### [Task prompt]
Retype all entries exactly as they stand, excluding pictures.
────────────────────
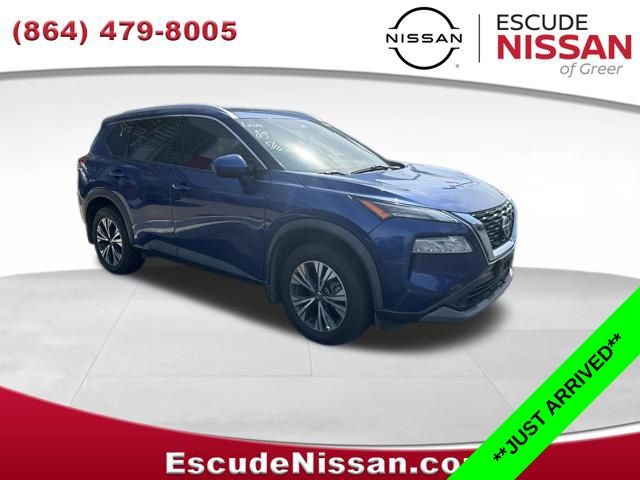 2021 Nissan Rogue SV AWD's photo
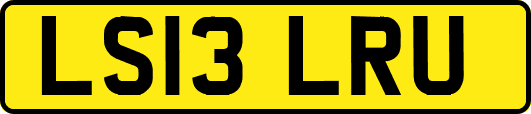 LS13LRU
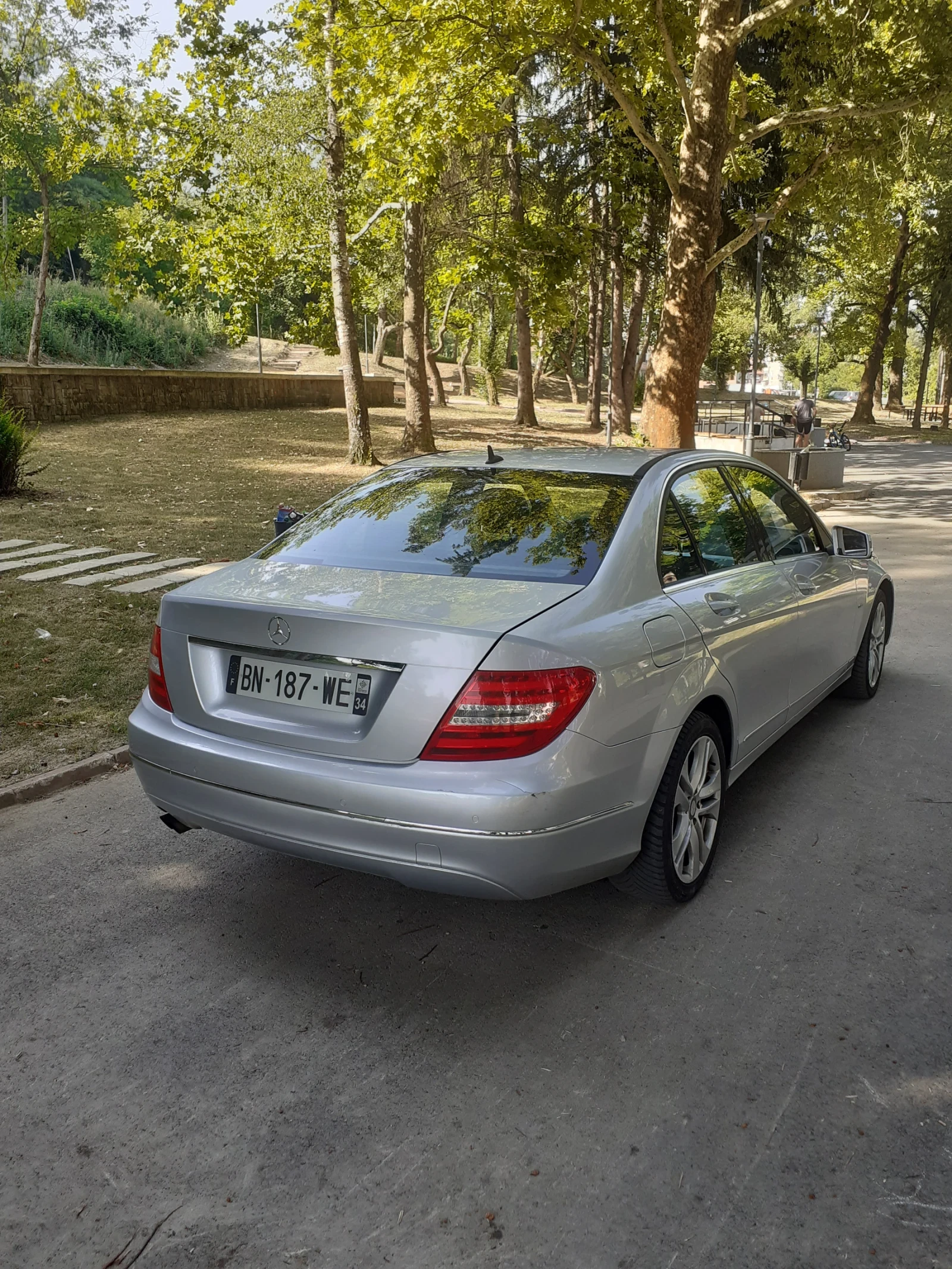 Mercedes-Benz C 220 2011 FACELIFT | Mobile.bg   4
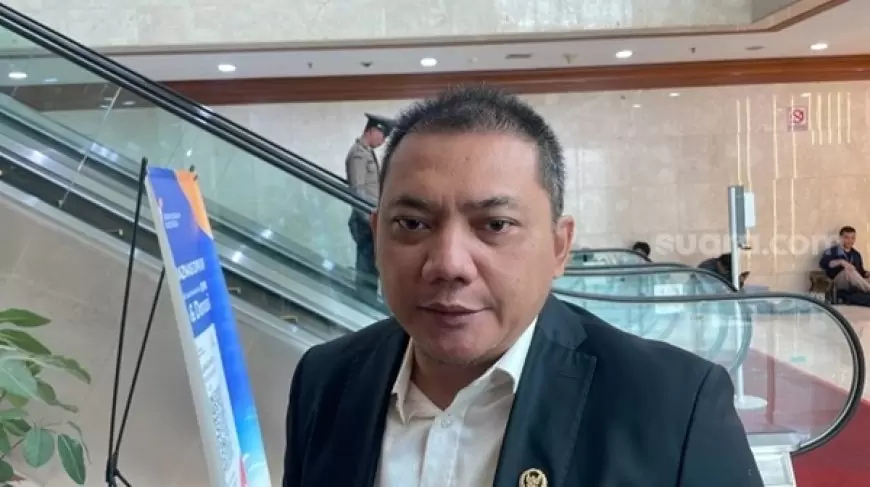 NasDem Menahan Diri dari Komentar Terkait Penetapan Tersangka Firli Bahuri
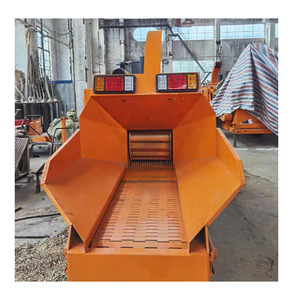 เครื่องย่อยไม้ทำจากไฟเบอร์ซีเมนต์เครื่องย่อยไม้ความจุสูง - Product Image 2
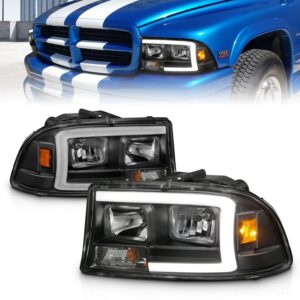 Head Light Set
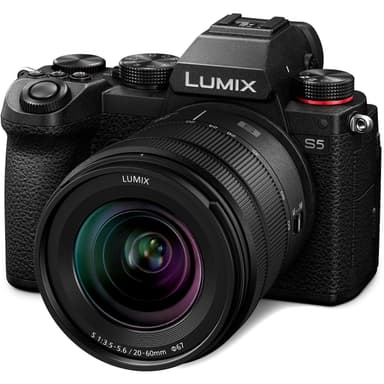 DEMO Panasonic Lumix S5 KIT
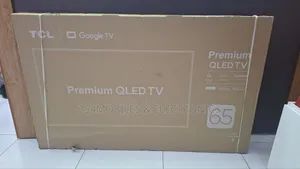TCL 65p8l 65 Inch Premium Qled Tv
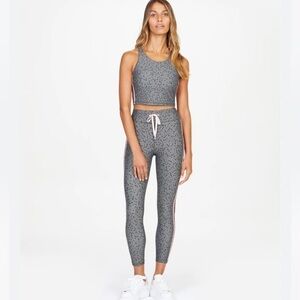 The Upside Teeny Leopard Midi Pant 8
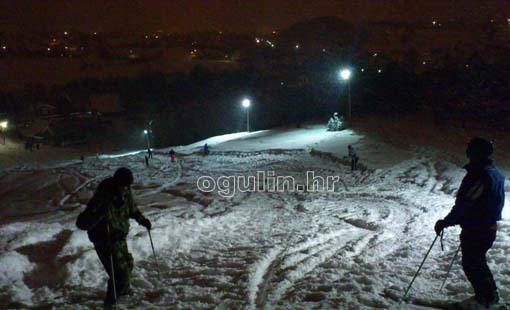 Skijaški klub Ogulin obilježio prvu godinu djelovanja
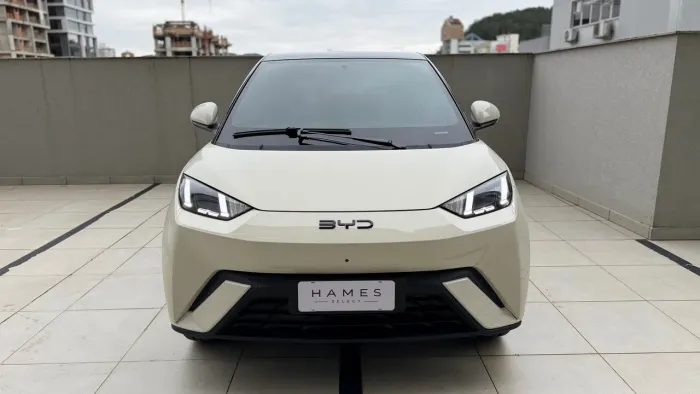 BYD Dolphin Mini (Elétrico) 2027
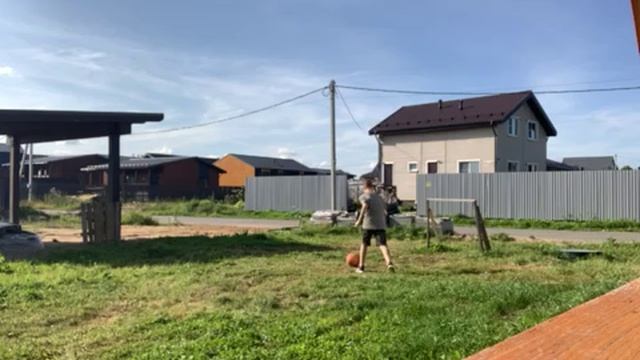Учу вас делать финты в футболе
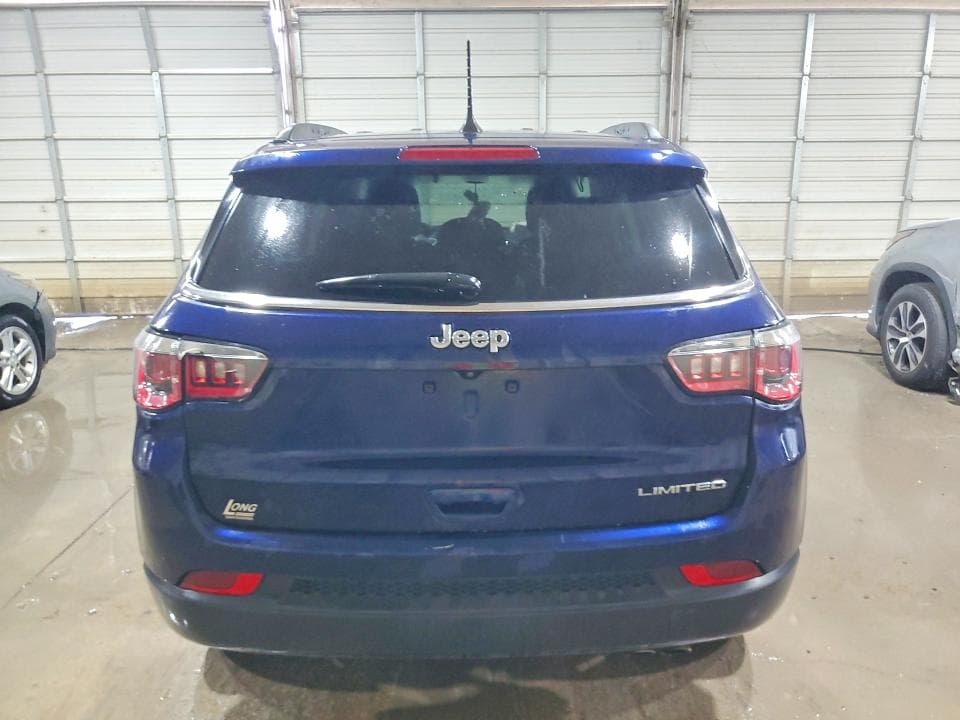 2020 JEEP COMPASS LIMITED 6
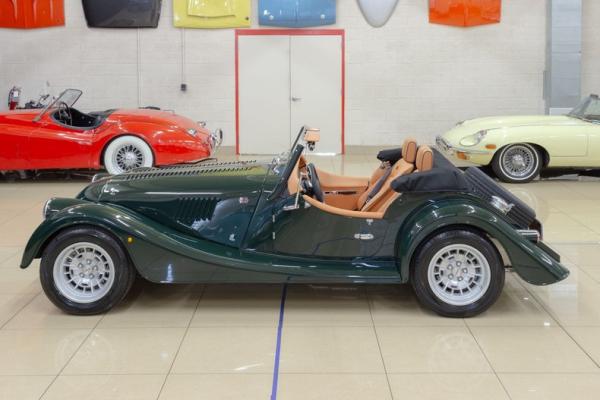 2026 Morgan Plus Four 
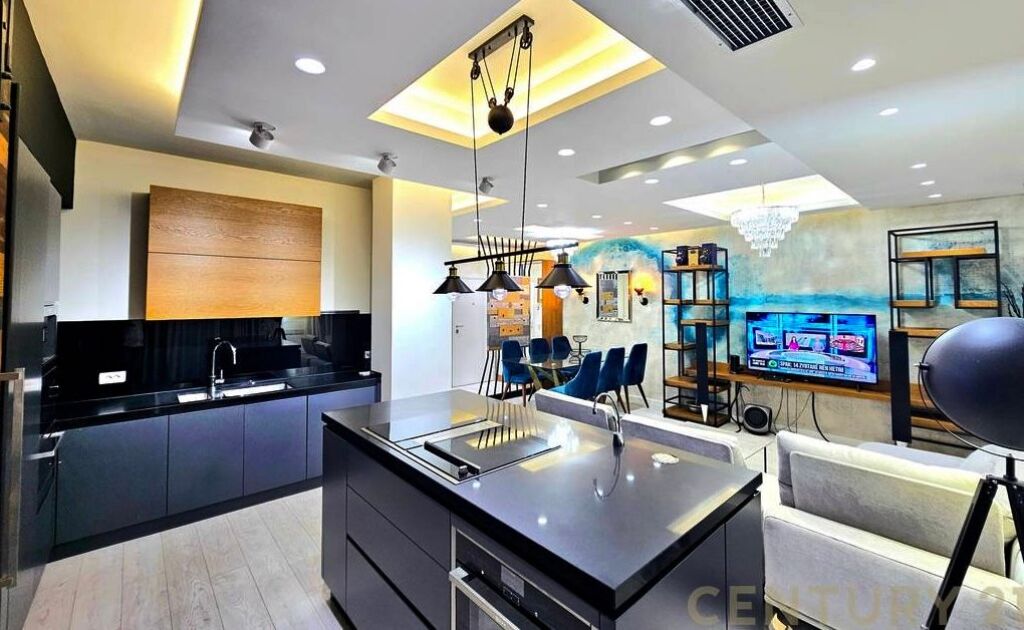 Apartament 2+1 me qira tek Liqeni Artificial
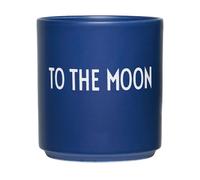 Design Letters Taza favorita Design Letters 25 cl To the moon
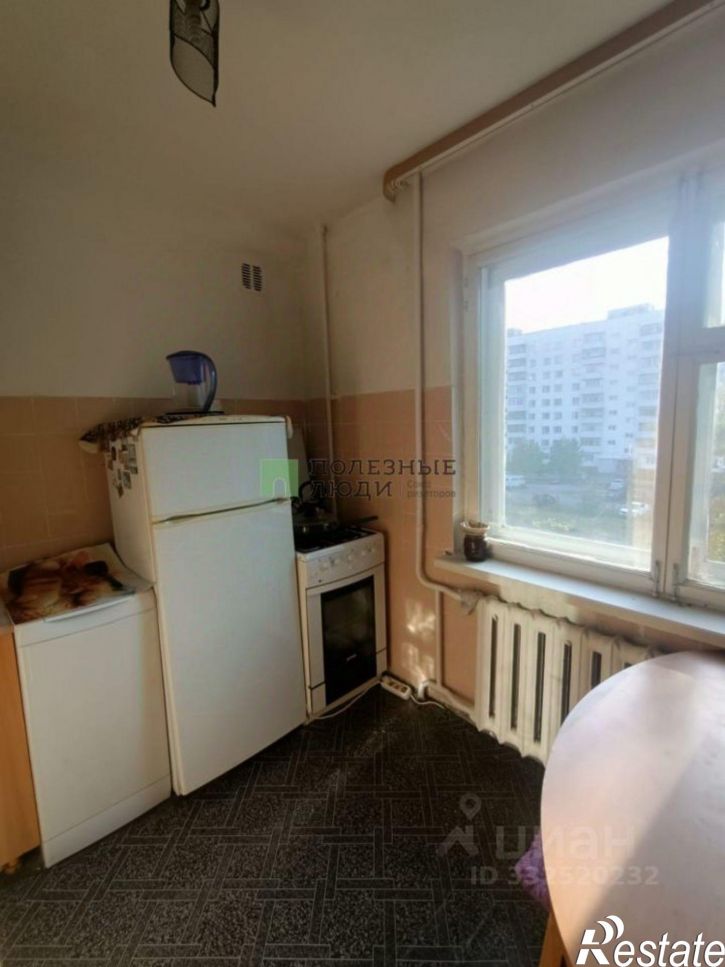 2-комн квартира Курган г., Заозерный, 1-й мкр., д.14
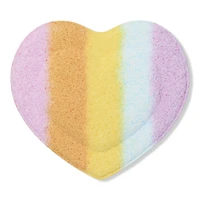 ULTA Beauty Collection Heart Bath Bomb Fizzer
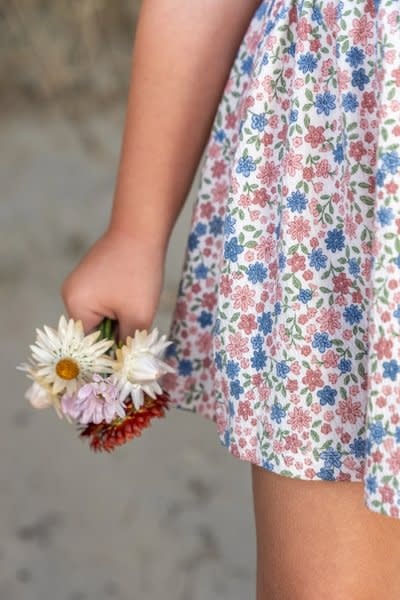 Little Dutch Rokje Meadow Flowers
────────────────────
### [Response to the exercise]
 2021 Nissan Rogue SV AWD's photo
 LS13LRU
 Mercedes-Benz C 220 2011 FACELIFT | Mobile.bg   4
 NasDem Menahan Diri dari Komentar Terkait Penetapan Tersangka Firli Bahuri
 เครื่องย่อยไม้ทำจากไฟเบอร์ซีเมนต์เครื่องย่อยไม้ความจุสูง - Product Image 2
 Head Light Set
 DEMO Panasonic Lumix S5 KIT
TCL 65p8l 65 Inch Premium Qled Tv
 The Upside Teeny Leopard Midi Pant 8
 Skijaški klub Ogulin obilježio prvu godinu djelovanja
 BYD Dolphin Mini (Elétrico) 2027
Учу вас делать финты в футболе
 2020 JEEP COMPASS LIMITED 6
 2026 Morgan Plus Four 
 Apartament 2+1 me qira tek Liqeni Artificial
 Design Letters Taza favorita Design Letters 25 cl To the moon
 2-комн квартира Курган г., Заозерный, 1-й мкр., д.14
 ULTA Beauty Collection Heart Bath Bomb Fizzer
 Little Dutch Rokje Meadow Flowers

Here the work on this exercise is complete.